Painted in 1909, Im See badende Mädchen, Moritzburg (Girls Bathing, Lake Moritzburg) is one of the first and finest in a series of seminal works that Ernst Ludwig Kirchner painted over the course of three glorious, golden summers at the lakes in Moritzburg between 1909 and 1911. A vivid, contemporary arcadia, the present work depicts a scene of the idyllic union of man, nature and art that was at the very heart of the Brücke group’s aesthetic. It was in Moritzburg in 1909 that Kirchner, along with his artistic comrade, Erich Heckel, immersed himself in an artistic idyll, as the two artists worked side by side in the landscape, depicting their girlfriends and models, as well as each other, as they all frolicked naked amidst the unspoiled nature of these secluded lakes. This summer was a crucial turning point in the development of the Brücke group, allowing the artists for the first time to realise their collective aims by expressing a direct, unadulterated response to nature with a shared and radical aesthetic.
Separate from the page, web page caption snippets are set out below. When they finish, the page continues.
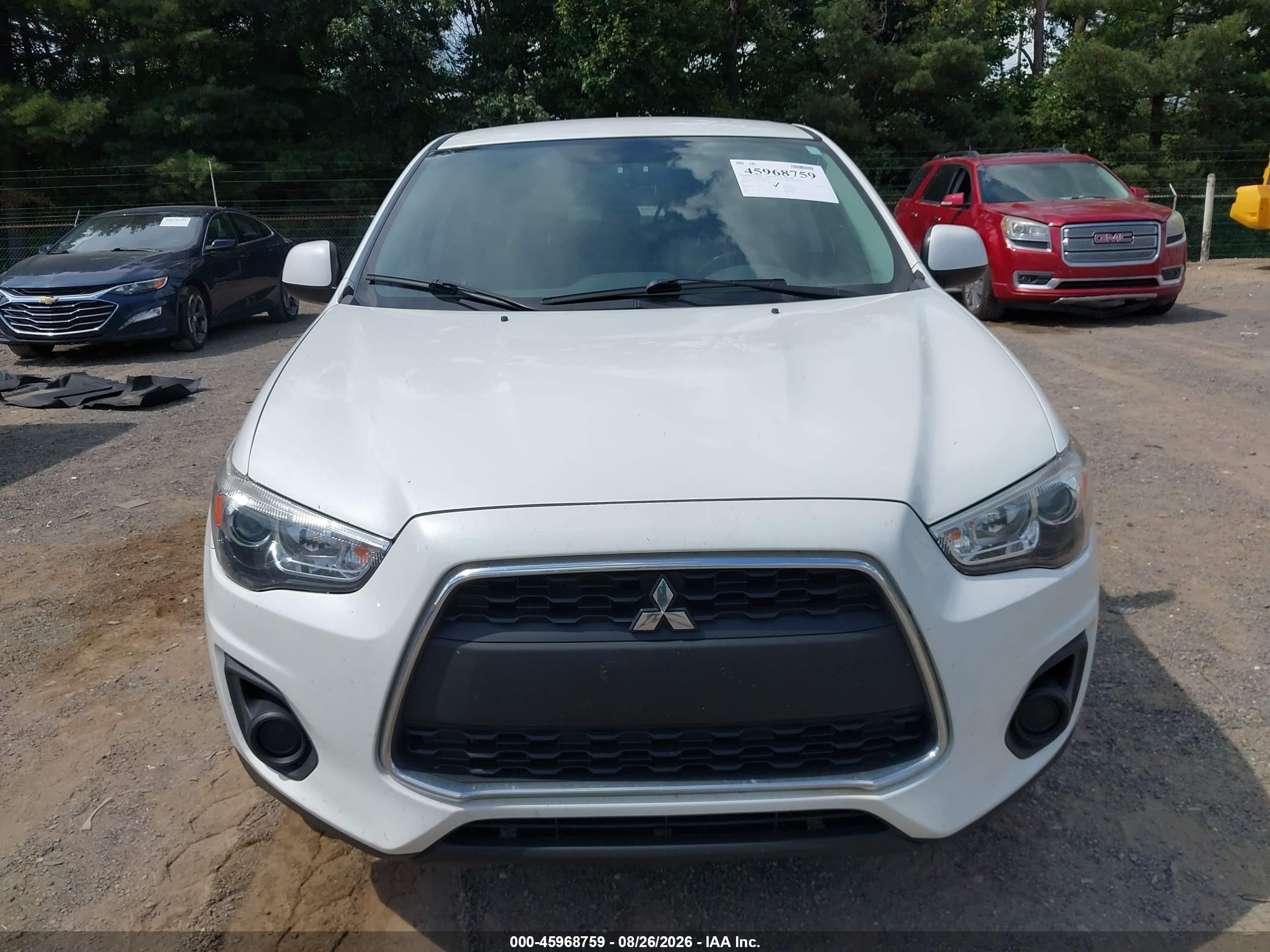 2015 Mitsubishi Outlander Sport Es White vin: 4A4AR3AW1FE025217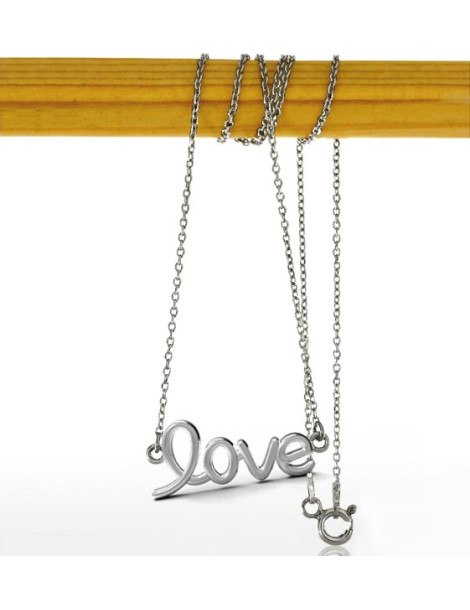 SREBRNY NASZYJNIK GWIAZD LOVE NAPIS CELEBRYTKA PR. 925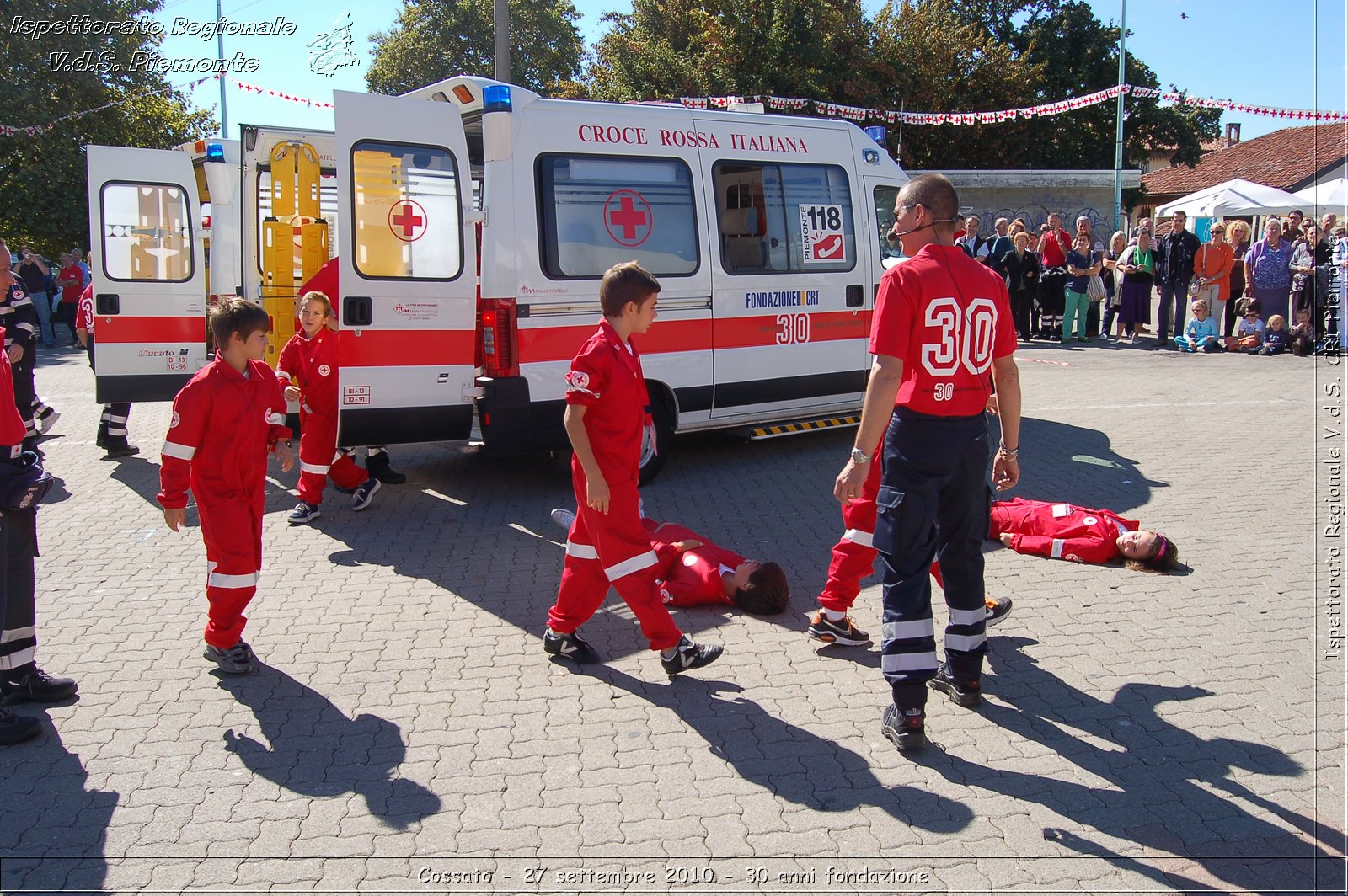 Cossato - 27 settembre 2010 - 30 anni fondazione -  Croce Rossa Italiana - Ispettorato Regionale Volontari del Soccorso Piemonte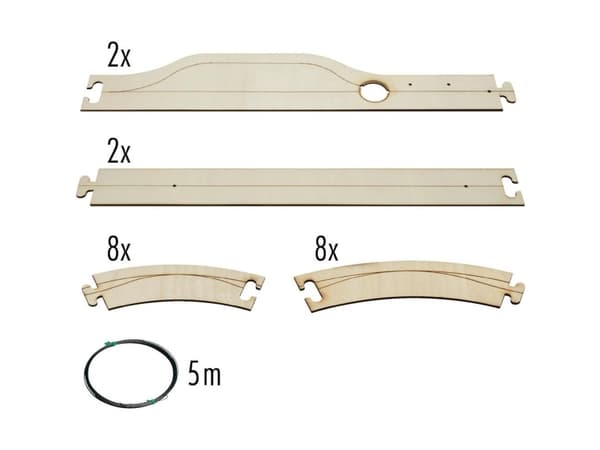 Faller 162100 Laser-Street Car System N Road Elements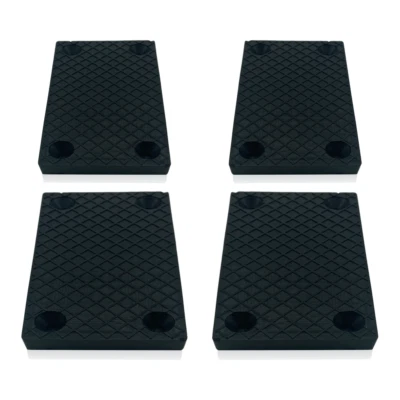 LIFTMAX 4 Stück Aufnahmegummi Twin Busch Tragarm Gummi Auflage Schutz Rechteckig TW242A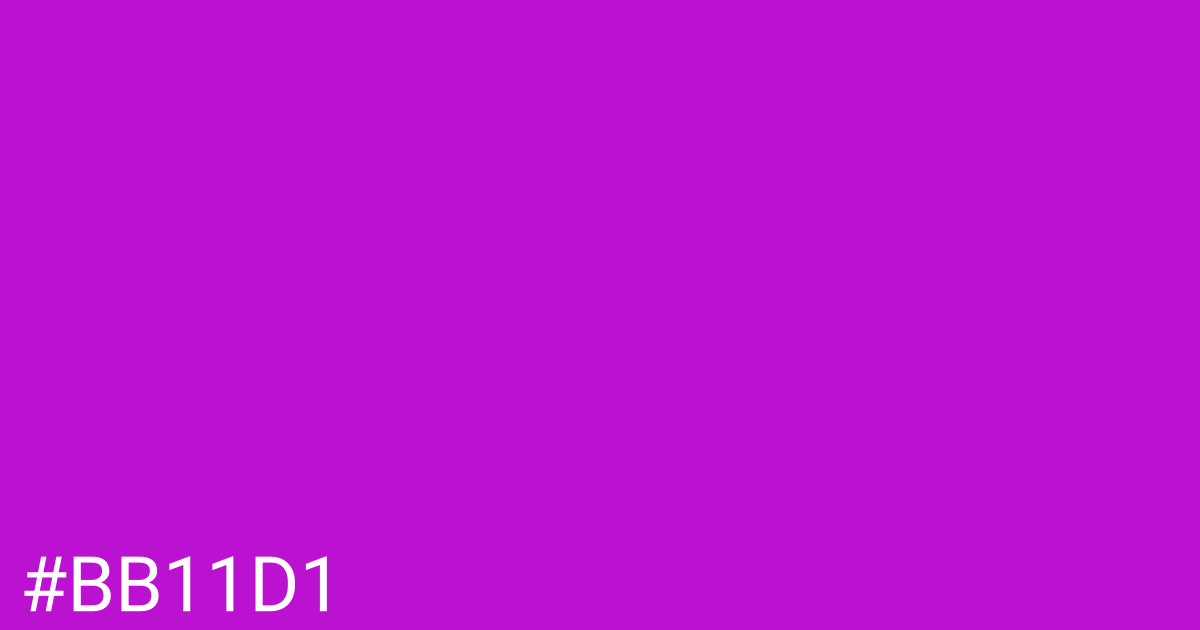 Hex color #bb11d1 graphic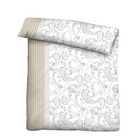 Castell Feinbiber Bettwäsche Paisley grau, 1x 135x200 cm + 1x 80x80 cm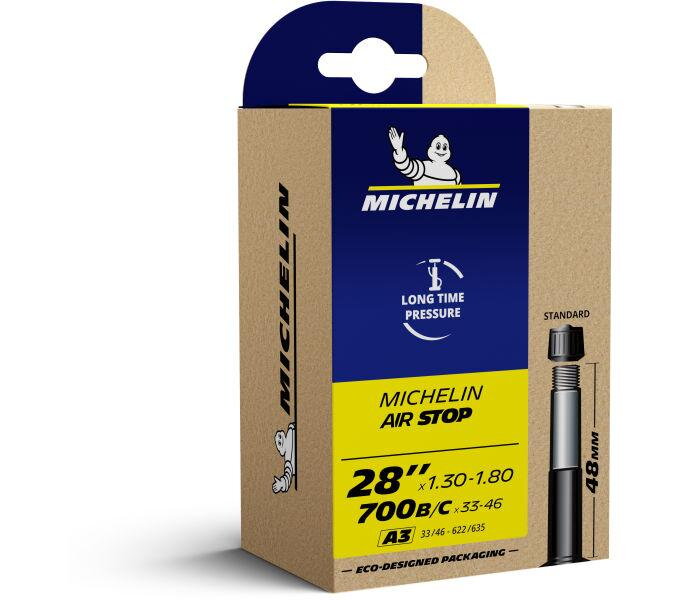 MICHELIN Tube A3 700x35/47C (33/46-622/635) AV 48mm MICHELIN Tube A3 700x35/47C (33/46-622/635) AV 48mm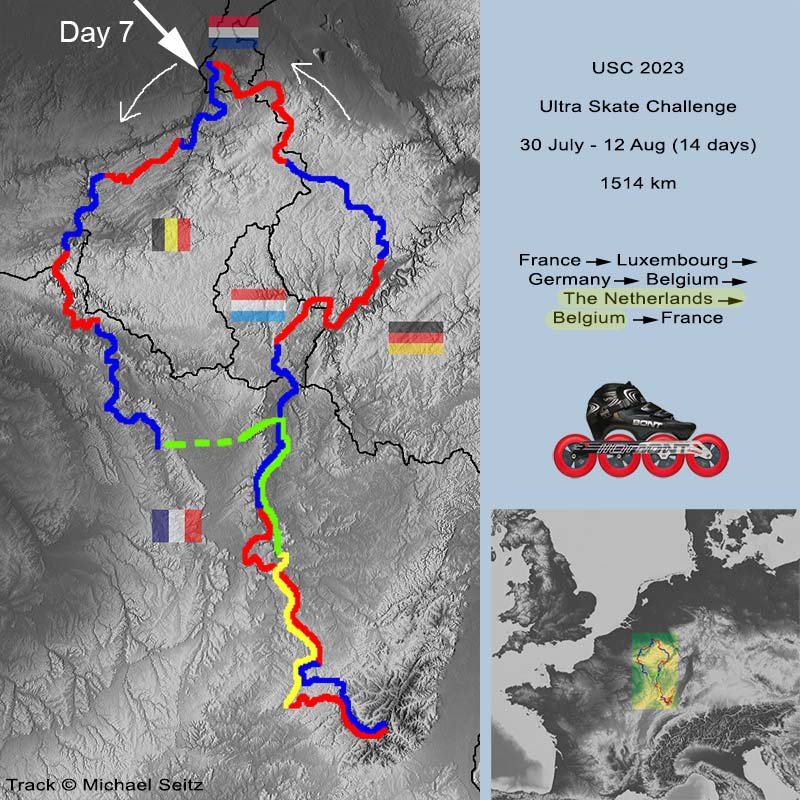 Ultra Skate Challenge (USC) 2023, route map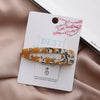 Wholesale Women's Acrylic Duckbill Clip Hair Accessories With Gold Inlaid And Marble Effect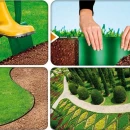 Thumbnail 4 of Ограничителна лента за трева - тъмно зелена 20см.х9м.к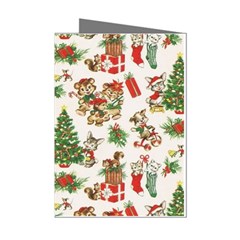 Christmas Texture, Pattern, Red, Tree, Craciun, Green, Christmas Mini Greeting Cards (pkg Of 8) by kyorashop23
In this way, works such as Im See badende Mädchen, Moritzburg occupy a principal position not just within Kirchner’s oeuvre, but also in the development of German Expressionism as a whole. Painted with a bold spontaneity and striking vibrancy as streaks of bright, unmixed blue, green, red and orange erupt across the large canvas, as pulsating with a vitality and rawness of expression that characterizes the greatest of Kirchner’s work from this these joyous and defining summers. Im See badende Mädchen, Moritzburg was acquired directly from the estate of the artist and has remained in the same collection ever since.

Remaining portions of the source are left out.